Para ela, o incentivo familiar foi essencial para despertar no jovem o desejo de permanecer no meio rural. “Sempre incentivei ele, mostrando que o melhor lugar para viver é aqui no interior. A gente mora perto da cidade, consegue participar das atividades, mas aqui temos qualidade de vida e fazemos nosso próprio horário”, conclui.

Quem guia as estradas em trajetos de cuidado

Garantir a segurança dos estudantes no trajeto até a escola é a missão do motorista do transporte escolar, Jhone Lemos. O trabalho envolve responsabilidade, confiança e a construção de vínculos com estudantes e famílias.

Há oito anos atuando como motorista e há um ano no transporte escolar, Jhone conta que escolheu a profissão e que, ao longo do tempo, vem fortalecendo a relação com as crianças atendidas diariamente. “Nosso setor é importante porque a gente cria um vínculo com as crianças e também com os pais”, afirma.
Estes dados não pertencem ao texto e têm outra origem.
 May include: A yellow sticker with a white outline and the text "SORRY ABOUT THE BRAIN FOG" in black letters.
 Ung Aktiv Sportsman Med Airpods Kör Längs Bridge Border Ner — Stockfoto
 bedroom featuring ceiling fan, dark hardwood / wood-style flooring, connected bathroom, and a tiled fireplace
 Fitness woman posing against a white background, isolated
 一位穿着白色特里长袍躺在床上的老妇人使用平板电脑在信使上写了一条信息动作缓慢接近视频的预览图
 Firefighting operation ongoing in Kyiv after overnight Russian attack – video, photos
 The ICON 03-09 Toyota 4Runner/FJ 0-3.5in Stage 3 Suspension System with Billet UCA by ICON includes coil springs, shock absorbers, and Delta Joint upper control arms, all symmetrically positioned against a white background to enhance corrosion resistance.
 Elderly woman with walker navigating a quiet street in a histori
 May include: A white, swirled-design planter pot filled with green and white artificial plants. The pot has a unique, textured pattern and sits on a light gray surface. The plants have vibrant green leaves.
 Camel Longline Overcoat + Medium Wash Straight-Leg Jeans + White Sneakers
Segundo ele, a comunicação constante com as famílias ajuda a aproximar ainda mais o transporte escolar da comunidade. “No meu caso, nós temos um grupo do transporte escolar. O que acontece na escola ou no decorrer do trajeto, os pais ficam sabendo”, explica.

A convivência diária faz com que a relação entre motorista e estudantes se torne cada vez mais próxima. “Eu tenho um vínculo muito bom com as crianças. Elas gostam de mim e eu gosto delas”, destaca.

Mesmo sendo relativamente novo na área do transporte escolar, Jhone afirma que cada dia traz novos aprendizados e adaptação à rotina. “É uma profissão que eu escolhi para mim. Cada dia vamos nos adaptando mais”, conclui.